Drop the pictures and restate the rest of the listing word for word.
───── Records provided ─────
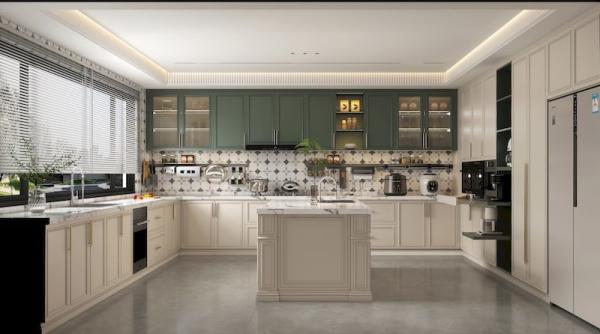 Buy cheap Almond Rose Custom Stainless Steel Kitchen Cabinets Easy Clean Fadior Luxe Series from wholesalers
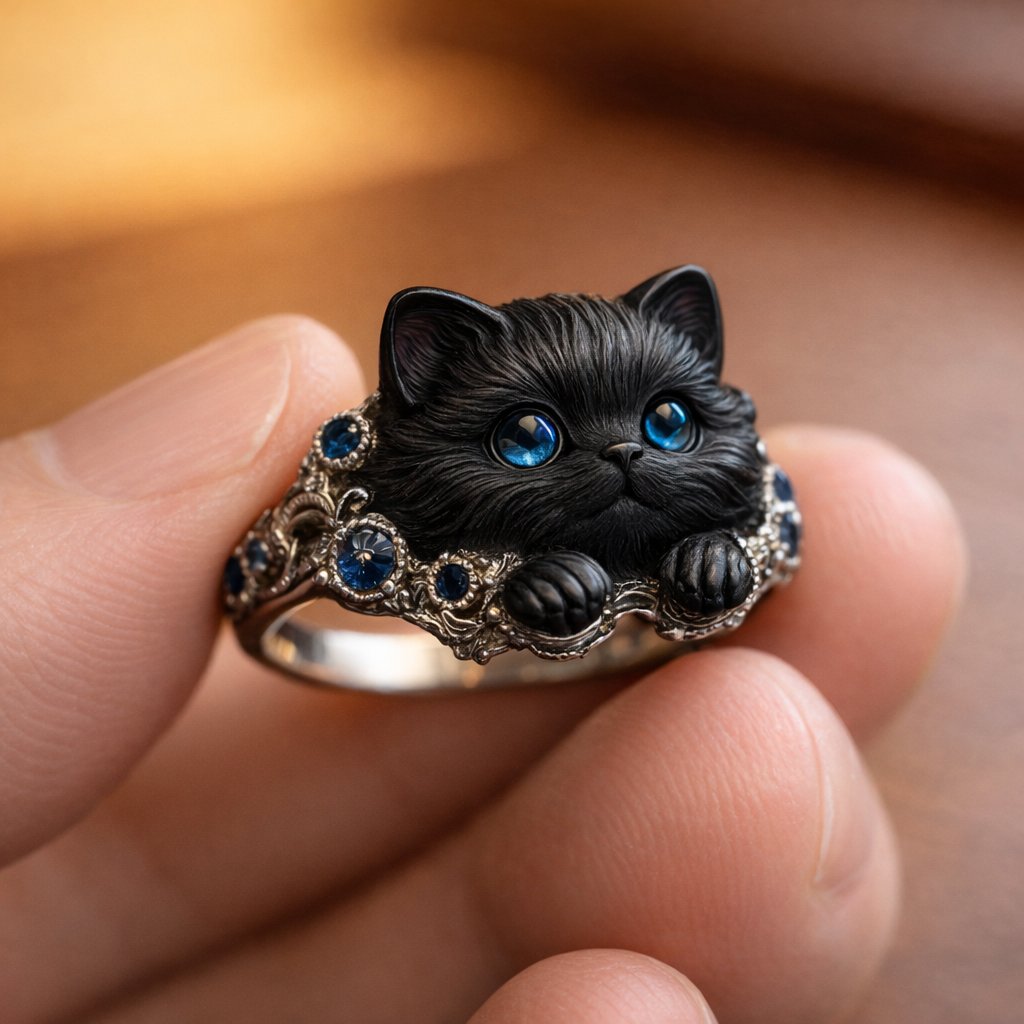 💍Hand-Engraved 925 Sterling Silver Kitten Ring | Diamond-Inlaid Cat Lover Jewelry💎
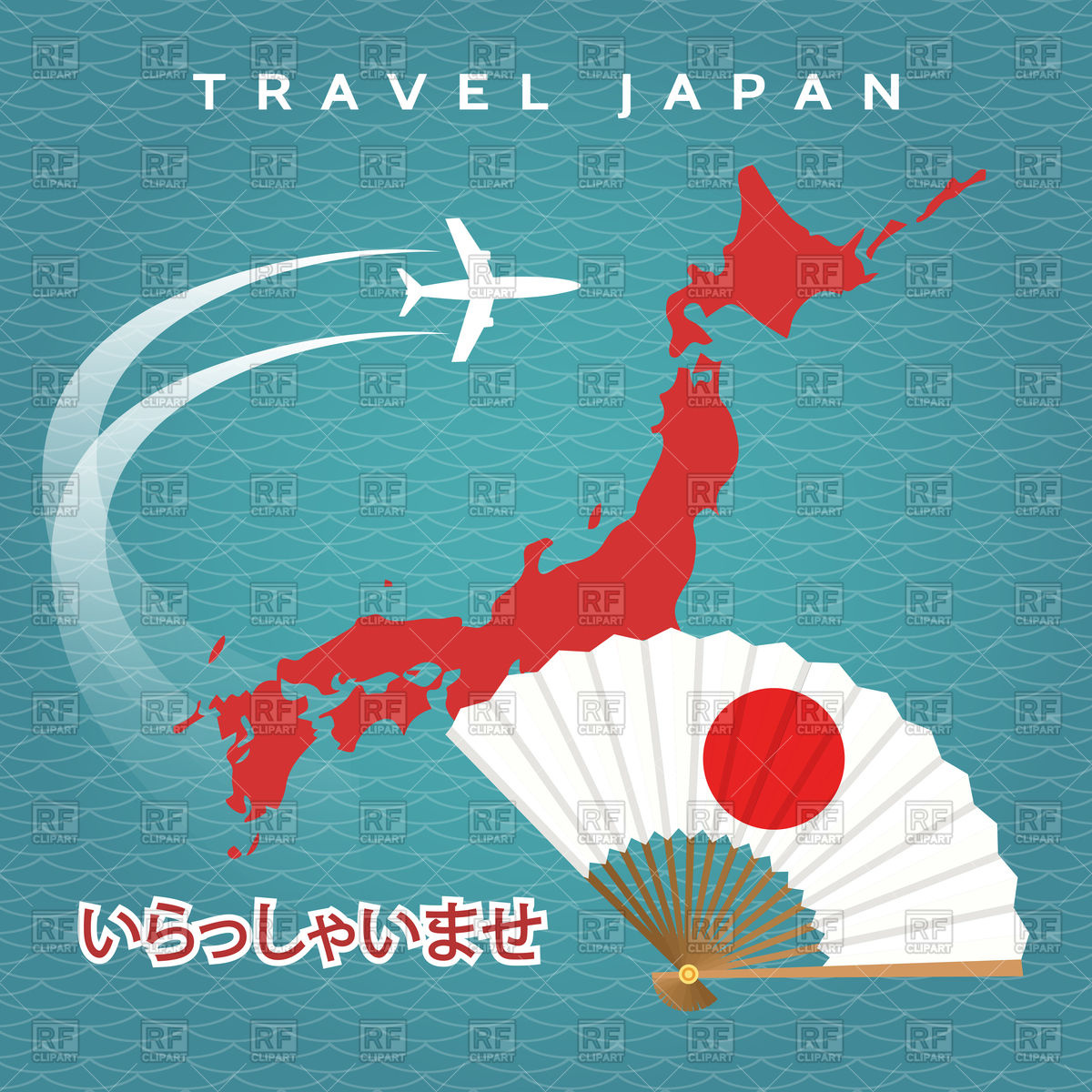 Japanese Travel Poster With Japan Map, Airplane And Fan On Blue 1200x1200 Japanese Travel Poster With Japan Map, Airplane And Fan On Blue
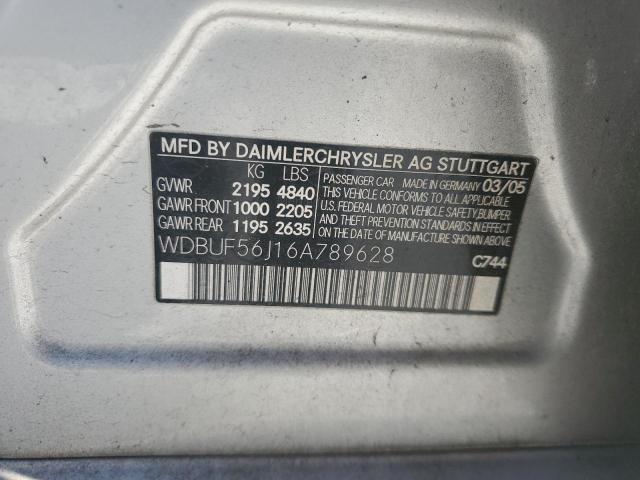 WDBUF56J16A789628 - 2006 MERCEDES-BENZ E 350 SILVER photo 12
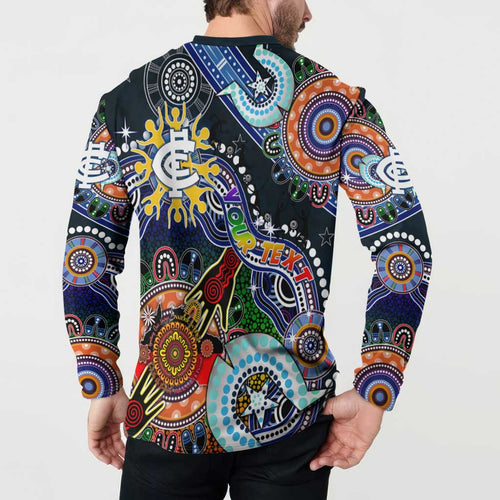 Custom NAIDOC Week 2024 Carlton Blues Button Sweatshirt Australia Aboriginal Dot Painting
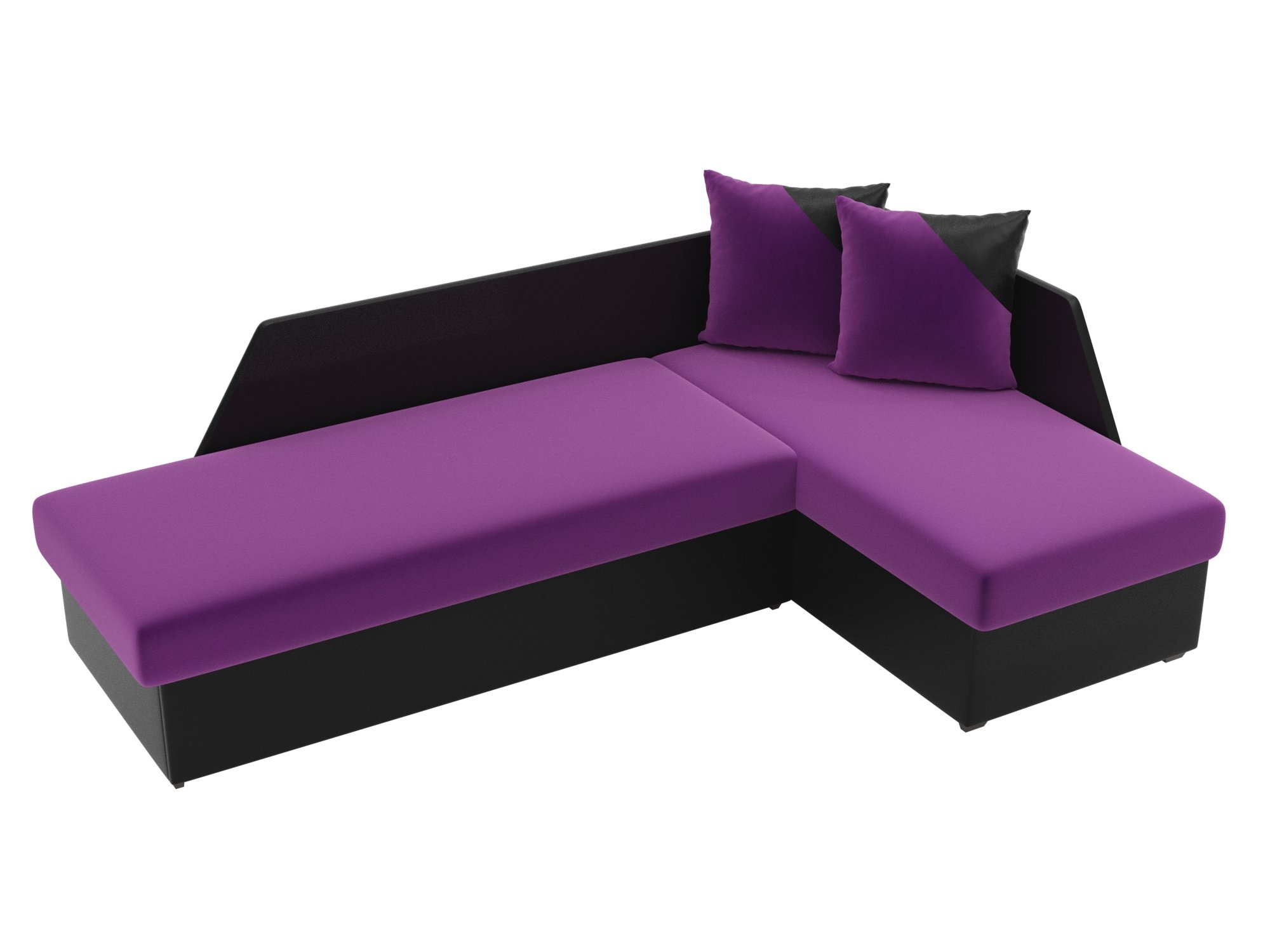 Угловой диван Андора правый угол (Фиолетовый\Черный)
─────
Answer below:
 Buy cheap Almond Rose Custom Stainless Steel Kitchen Cabinets Easy Clean Fadior Luxe Series from wholesalers
 💍Hand-Engraved 925 Sterling Silver Kitten Ring | Diamond-Inlaid Cat Lover Jewelry💎
 Japanese Travel Poster With Japan Map, Airplane And Fan On Blue 1200x1200 Japanese Travel Poster With Japan Map, Airplane And Fan On Blue
 WDBUF56J16A789628 - 2006 MERCEDES-BENZ E 350 SILVER photo 12
 Custom NAIDOC Week 2024 Carlton Blues Button Sweatshirt Australia Aboriginal Dot Painting
 Угловой диван Андора правый угол (Фиолетовый\Черный)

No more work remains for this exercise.